Pointing out that there are a number of acts which are "unlawful," that is, not really approved by the law, even though they do not constitute crimes, Quentin Edwards in a few peculiarly reasoned pages attempts to remove the chief objection to the Wolfenden recommendations by in fact removing the substance of the recommendations themselves. Mr. Edwards is a Barrister-at-law, of the Middle Temple and the South-Eastern Circuit but it seems to this writer that his arguement, while clever, is really very little. help at all, though it does unconsciously point up a thing that is wrong with most of the tremendous discussion of the homosexual topic in England. Except for philosopher A. J. Ayer, whose pointed arguments we reported in Tangents in Feb. 59, nearly all of the people who have spoken “in defense of homosexuality" in England have bent over backward to assure one and all that they think it is a disgusting, immoral and unfortunate condition.

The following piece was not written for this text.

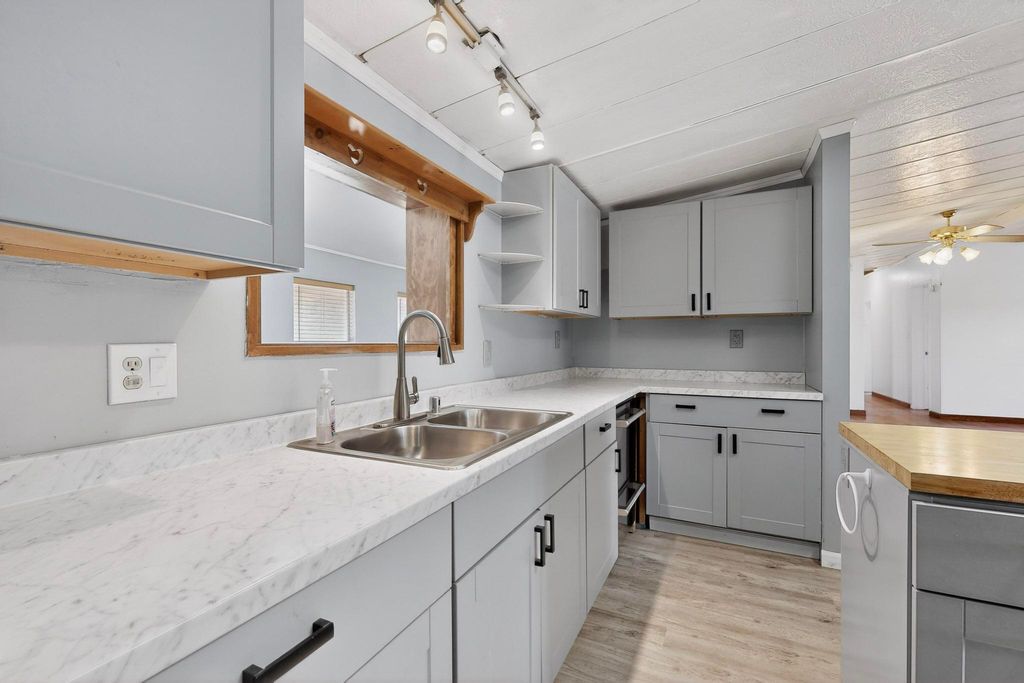 Image 16 of property listing at 9 Tiger Road, Edgewood, NM 87015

Thus we have Mr. Edwards arguing for the Wolfenden proposals on the following remarkable basis: that the
Wolfenden Committee wrongly summarized the difference between crime and sin; that they ought instead to have distinguished between acts which are criminal and those which are merely unlawful; that broadly speaking "what is generally accepted as immoral is unlawful, so that fornication, adultery, and prostitution are all unlawful although they are not crimes, as are deceit, fraud and, indeed all torts although they may not be crimes." Thus he argues that while most such acts are not crimes in themselves, "conspiring to commit them" is generally a crime, and prosecuteable as such. Besides, conspiracy is easier to prove in the courts than acts as such. Thus he suggests that England can have its cake and eat it by passing the Wolfenden recommendations making homosexual acts between consenting adults no longer a crime, but reserving them as unlawful, so that while the state needn't prosecute such acts as such, if it didn't feel inclined it could always reserve the right to prosecute for conspiracy-to-commit such acts.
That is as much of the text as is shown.